1. The manual is not very good. Everything is there. The YouTube videos are much more useful. But that could be me.

2. I had some problems with the joint fitting so I switched to a Grizzly bit that I had purchased on eBay. After that it worked like a charm.

3. It needs a block so that one can consistently repeat each piece. Adding such a stop block would be simple to do. After all, nobody makes just one corner. One will always do at least 4 on each side.

4. The screw clamp is just ok. It is not good for anything over a few pieces. Too much hassle. I'm thinking that some sort of toggle clamp might be better here.

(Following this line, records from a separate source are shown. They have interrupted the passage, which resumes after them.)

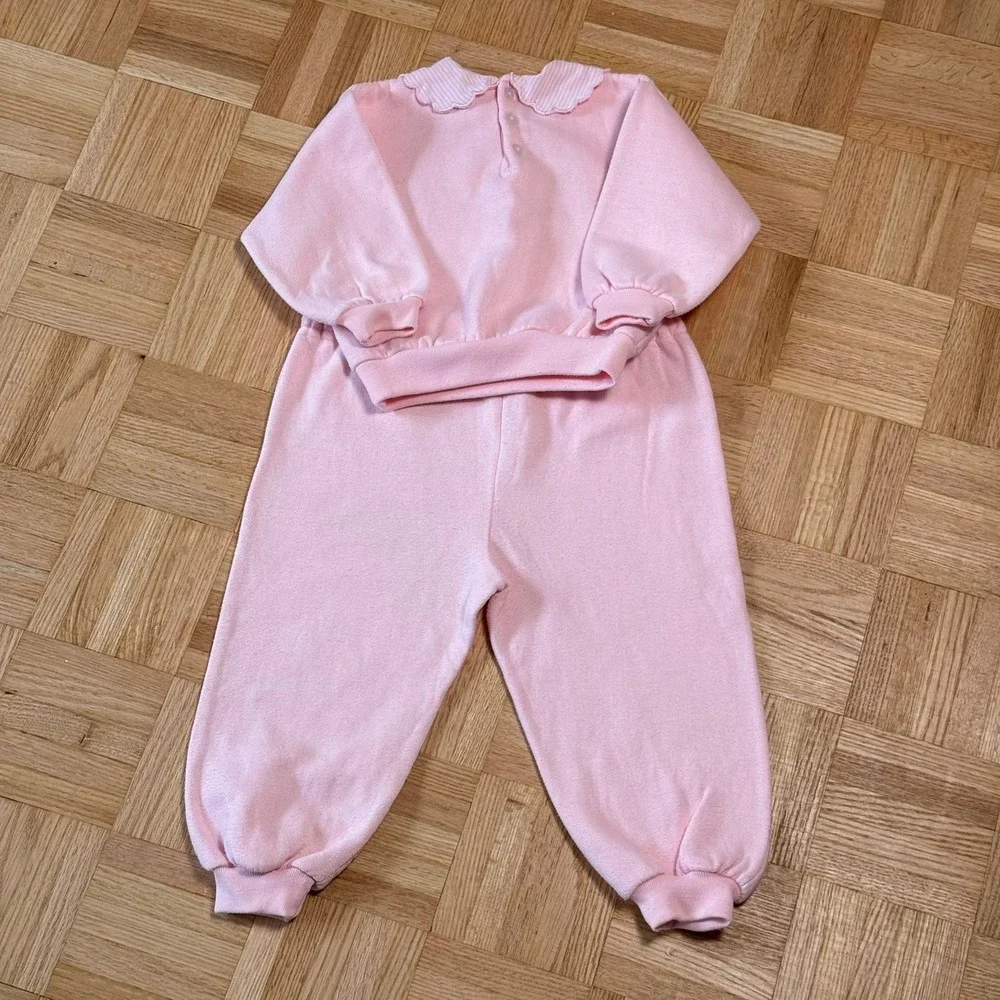 Vintage Crackerjack Pink Fleece Sweatshirt Pants Set 24M Bunny Train Embroidered - Picture 8 of 10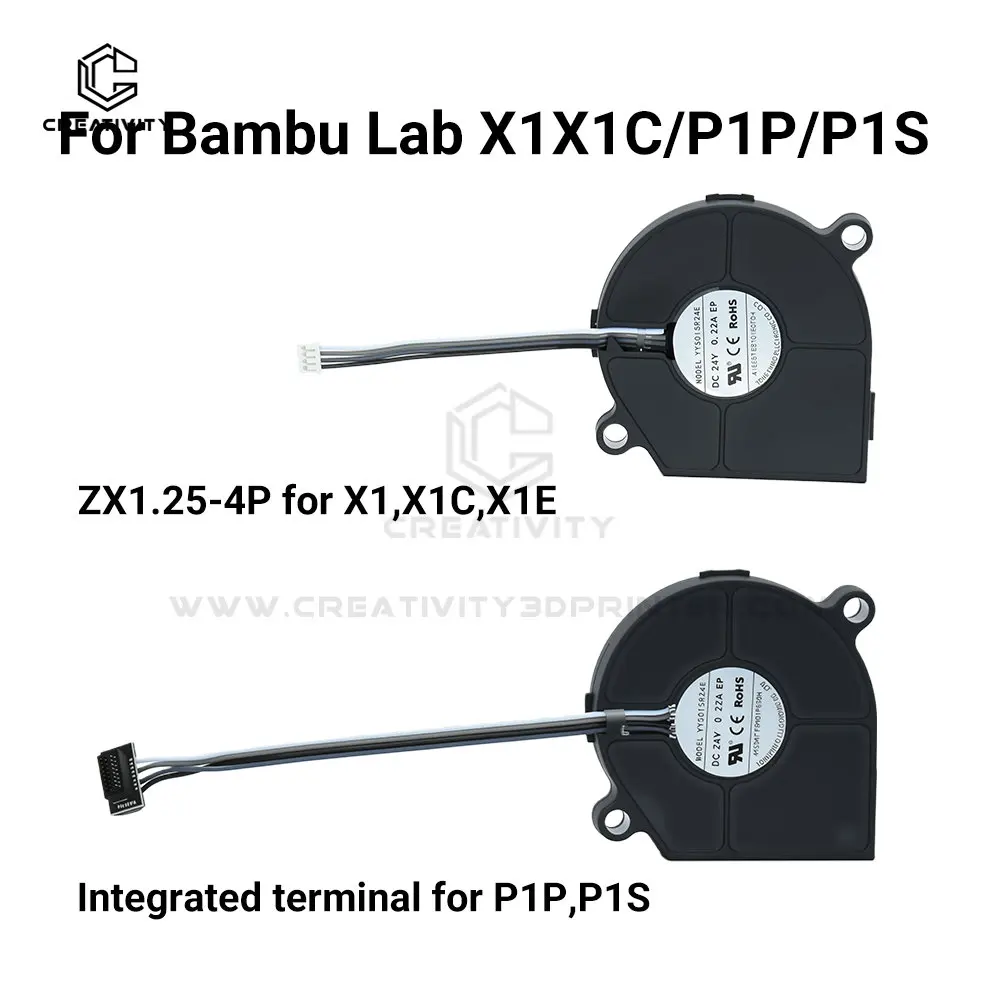 ﻿   Bambu Lab X1 X1C P1P P1S 5015 مروحة نفخ طابعة ثلاثية الأبعاد منخفضة الضوضاء 24 فولت 5015 سرعة سريعة مروحة منفاخ التبريد لـ X1C X1E P1P
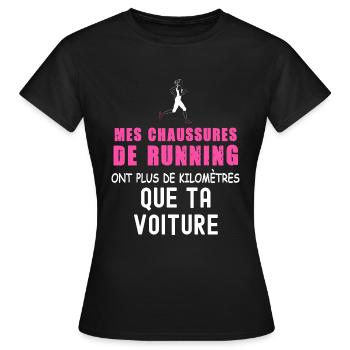 Course A Pied Femme Cadeau Citation Humour - T-shirt Femme - noir - Devant - AI Model Female 172 dark (172cm)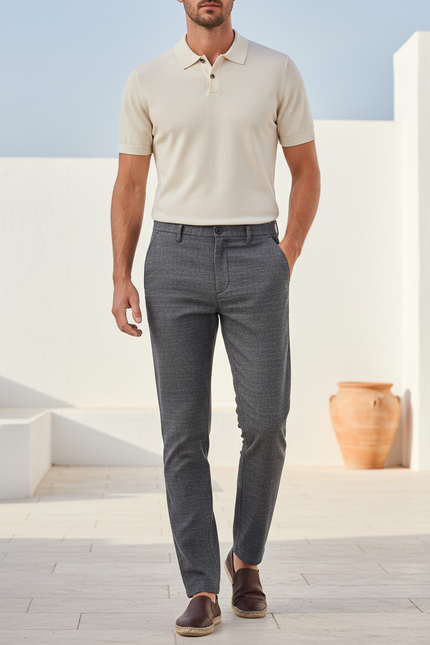 Pantalon En Lin Gris Slim Décontracté Élégant - Maille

5. Setting the bit height became intuitive. For a reference point I mounted a block of wood and then, eyeballing, set the bottom of the cutting area even with the bottom of the wood. That worked better for me than their scale. But that could also be me.


----------



## Dmeadows (Jun 28, 2011)

Thanks for the review, Collin.


----------



## Arcola60 (Jul 4, 2009)

I have one. I tweaked it here and there. Nothing major, just made sure it had no burrs, and everything was flat. I used precision tools to set the bit height, and fence height. My first test cut was dead on, no guess work. There are a few threads on the general EZ Pro dovetail jig on this forum. They were very helpful. It is not a high end dovetail fixture, but if set up precisely it can work well. What I liked about it was that not much time spent adjusting stops and depths. I did not get frustrated while setting up and using it.

Ellery Becnel


----------



## Nickp (Dec 4, 2012)

Thank you for the review...

I met with General (it's only a few blocks from my job) and complained about some of the same things with the original EZ...the clamps, the plastic, the bit...and they promised me the next version would be better and take care of those things and more.
It seemed to work fine handheld but would not stay consistent on the table...turned out to be the pressure exerted by the bit against the flimsy 1/4-20 screws for the clamps.
Once I made a few test cuts to see how it behaved I "adapted" to it and while I did have a few suggestions for them, I did make 14 drawers for the kitchen - some were double high. Once I got the hang of it it worked quite well. Not sure if they made the new one with at least 5/16 screws for the clamps...?

Nick


----------



## collinb (Sep 10, 2014)

After making several sets I have come up with one solution.
I located the precise position for a wood block so that all of the tail pieces are identical.
I marked the spot and use a small clamp to hold the block in place.
Now every corner is identical.


----------



## Arcola60 (Jul 4, 2009)

Thanks for the info. I have only used it handheld. I am in the process of setting up my table with multiple routers for dovetailing and minimal bit changes.


----------